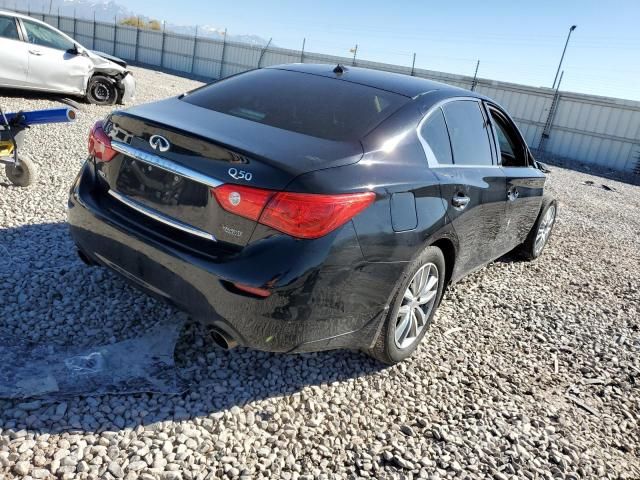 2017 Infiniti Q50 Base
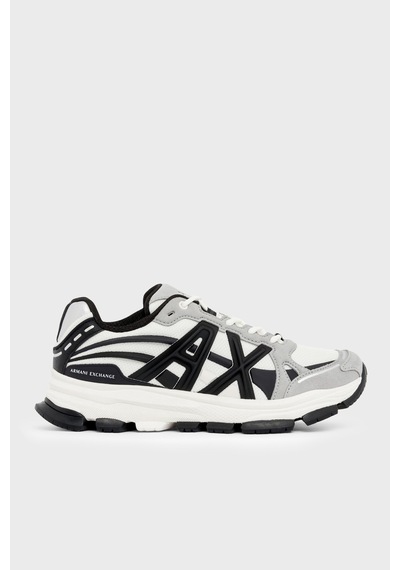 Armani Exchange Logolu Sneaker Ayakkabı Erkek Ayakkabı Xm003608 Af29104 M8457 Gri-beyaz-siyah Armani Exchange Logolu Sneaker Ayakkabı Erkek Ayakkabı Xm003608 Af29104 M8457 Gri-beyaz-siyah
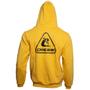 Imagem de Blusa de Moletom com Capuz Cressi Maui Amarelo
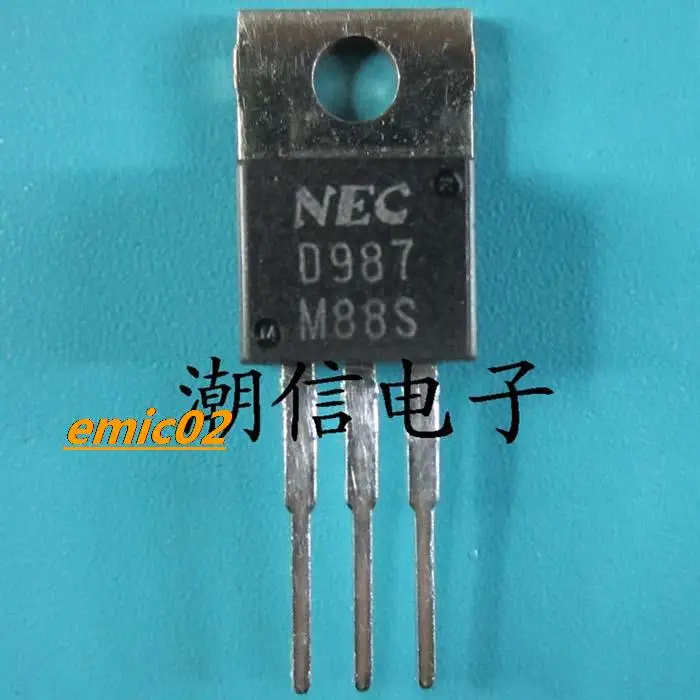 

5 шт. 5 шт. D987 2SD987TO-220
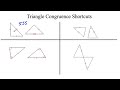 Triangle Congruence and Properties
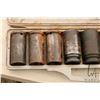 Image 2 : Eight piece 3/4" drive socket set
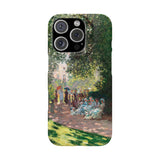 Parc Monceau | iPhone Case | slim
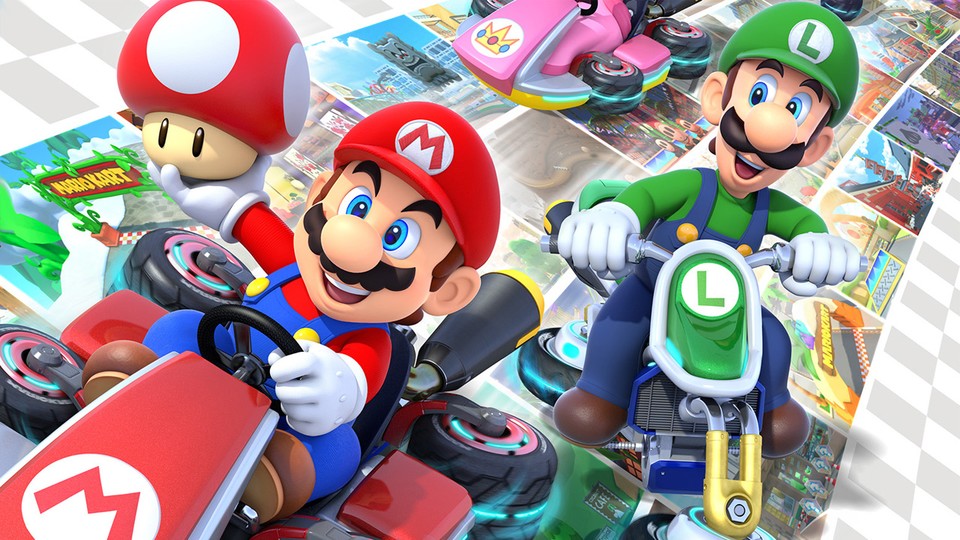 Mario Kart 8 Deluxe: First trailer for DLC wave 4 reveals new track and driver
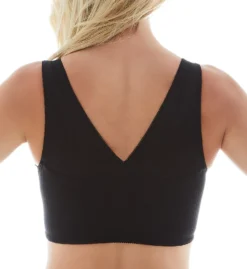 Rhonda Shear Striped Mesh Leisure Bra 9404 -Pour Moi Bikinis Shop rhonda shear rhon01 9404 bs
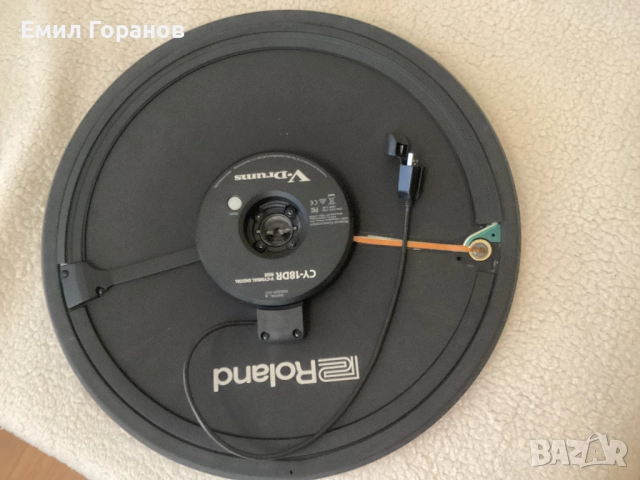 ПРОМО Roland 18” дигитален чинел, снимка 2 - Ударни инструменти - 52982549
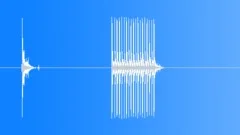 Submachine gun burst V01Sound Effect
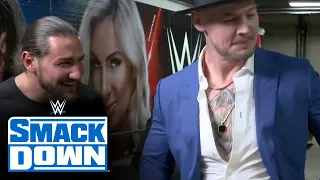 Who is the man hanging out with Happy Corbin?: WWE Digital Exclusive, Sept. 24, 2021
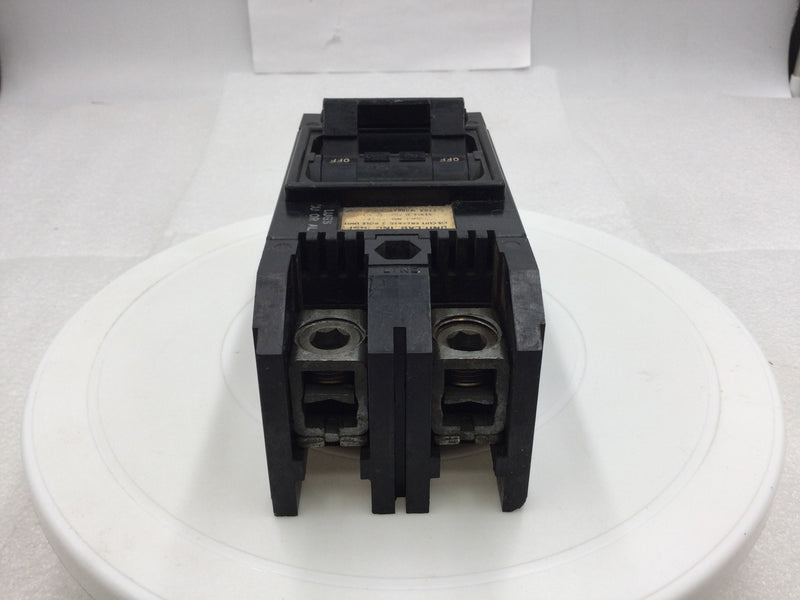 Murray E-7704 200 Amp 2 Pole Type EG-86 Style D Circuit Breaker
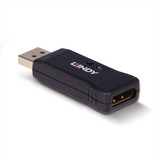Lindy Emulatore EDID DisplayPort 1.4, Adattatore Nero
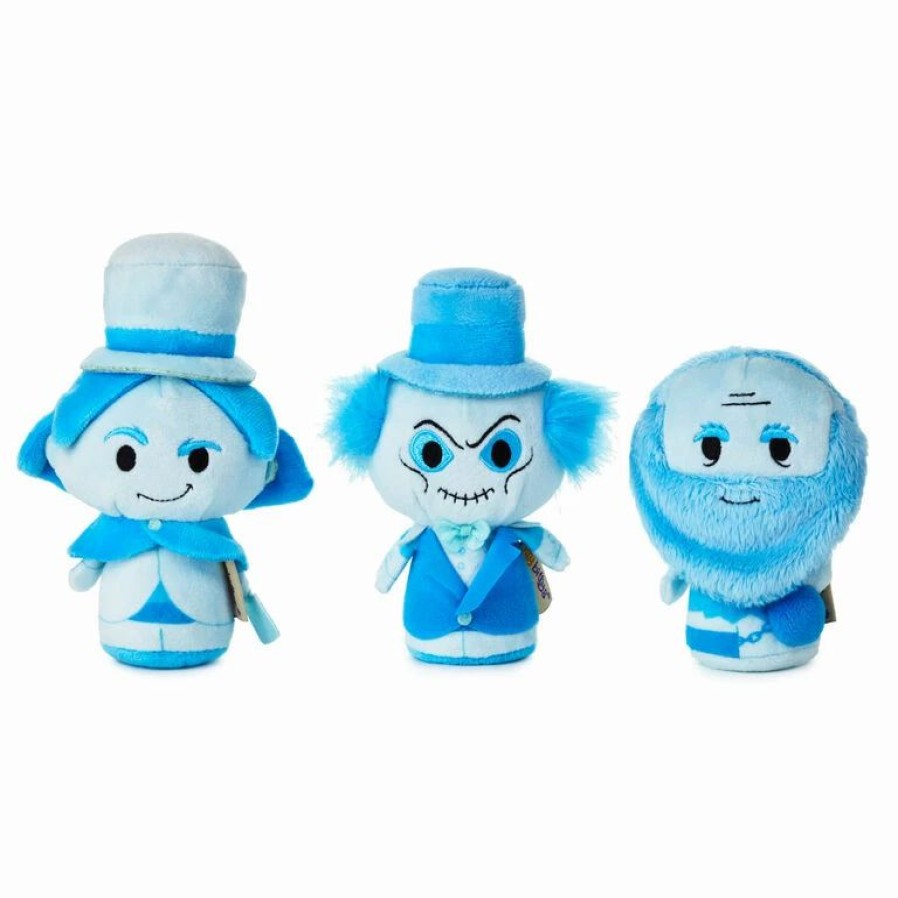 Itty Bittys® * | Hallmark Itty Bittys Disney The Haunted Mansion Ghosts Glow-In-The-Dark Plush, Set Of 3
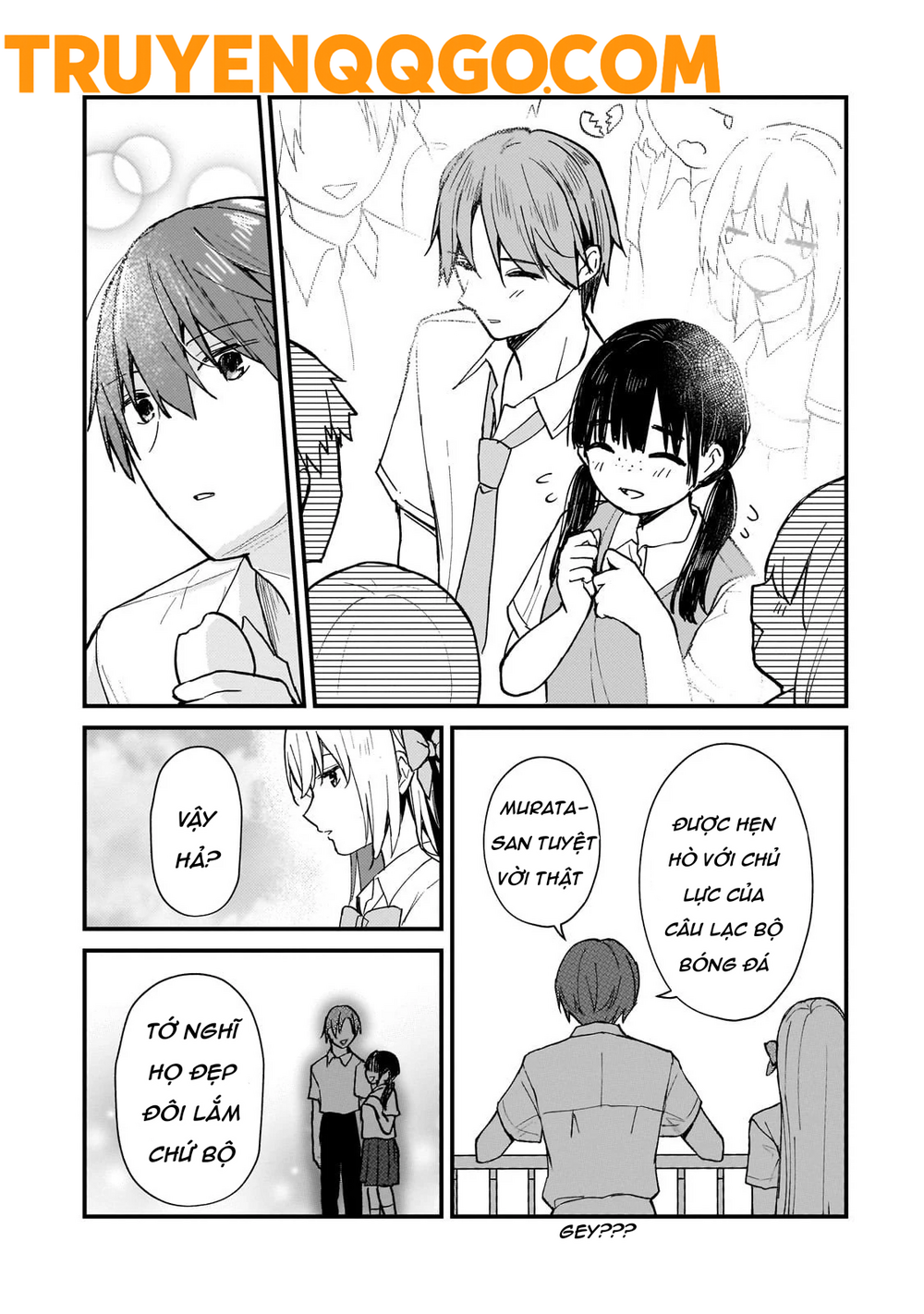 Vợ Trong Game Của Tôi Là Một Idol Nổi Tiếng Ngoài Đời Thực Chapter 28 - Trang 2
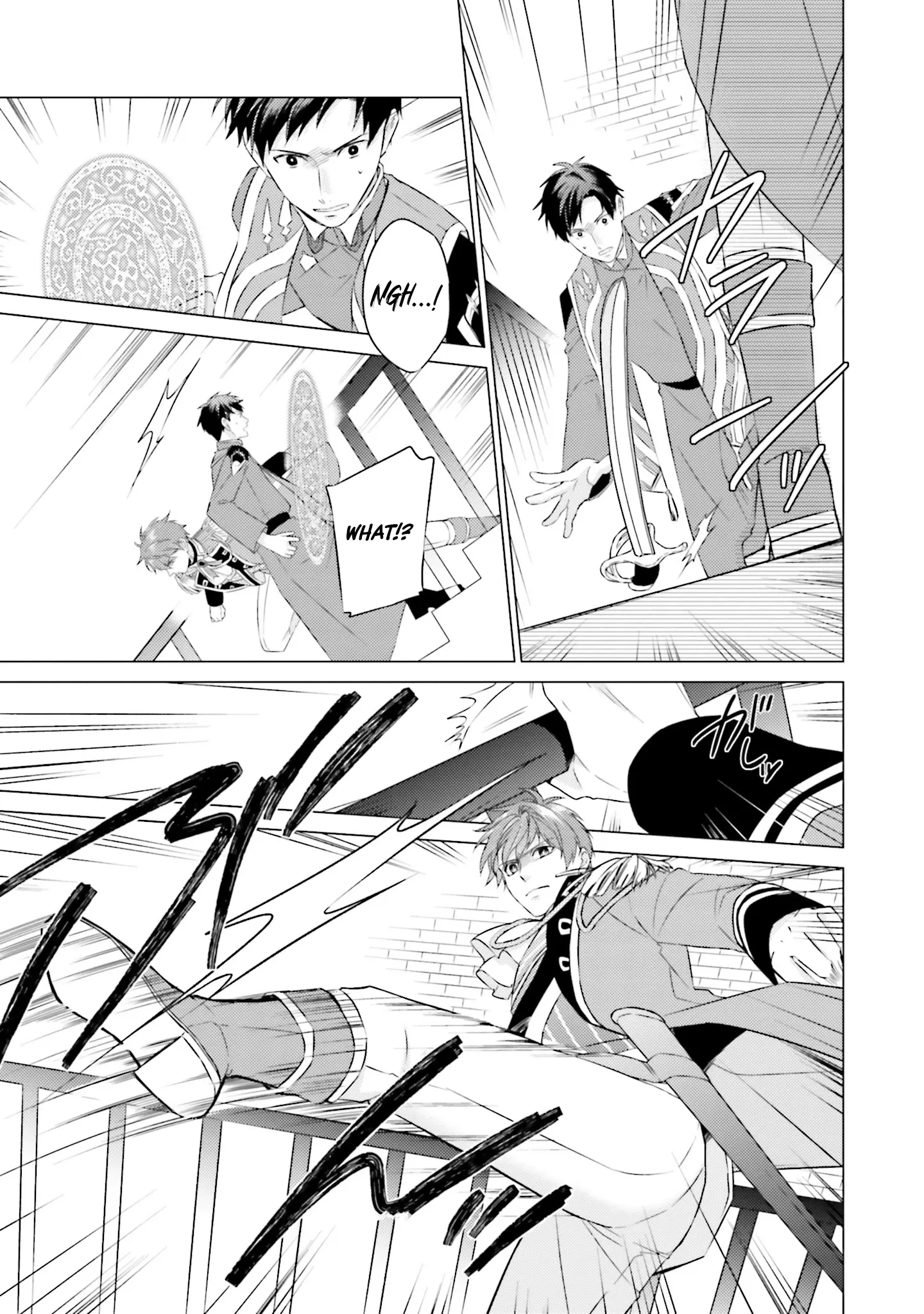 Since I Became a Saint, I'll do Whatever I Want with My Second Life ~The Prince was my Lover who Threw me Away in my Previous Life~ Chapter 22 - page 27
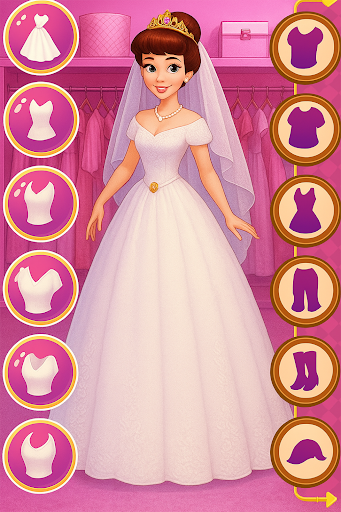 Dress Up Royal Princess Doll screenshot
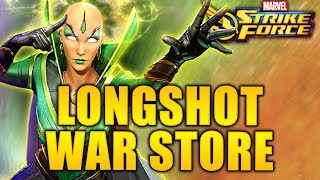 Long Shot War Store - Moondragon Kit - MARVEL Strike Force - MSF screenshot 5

----

**Your goal**
Copy exactly the lines from the line that contains "Dress Up Royal Princess Doll screenshot" through the last line of the records above, both ends included, but leave out the pictures.

**Exercise solution**
 Dress Up Royal Princess Doll screenshot
 Long Shot War Store - Moondragon Kit - MARVEL Strike Force - MSF screenshot 5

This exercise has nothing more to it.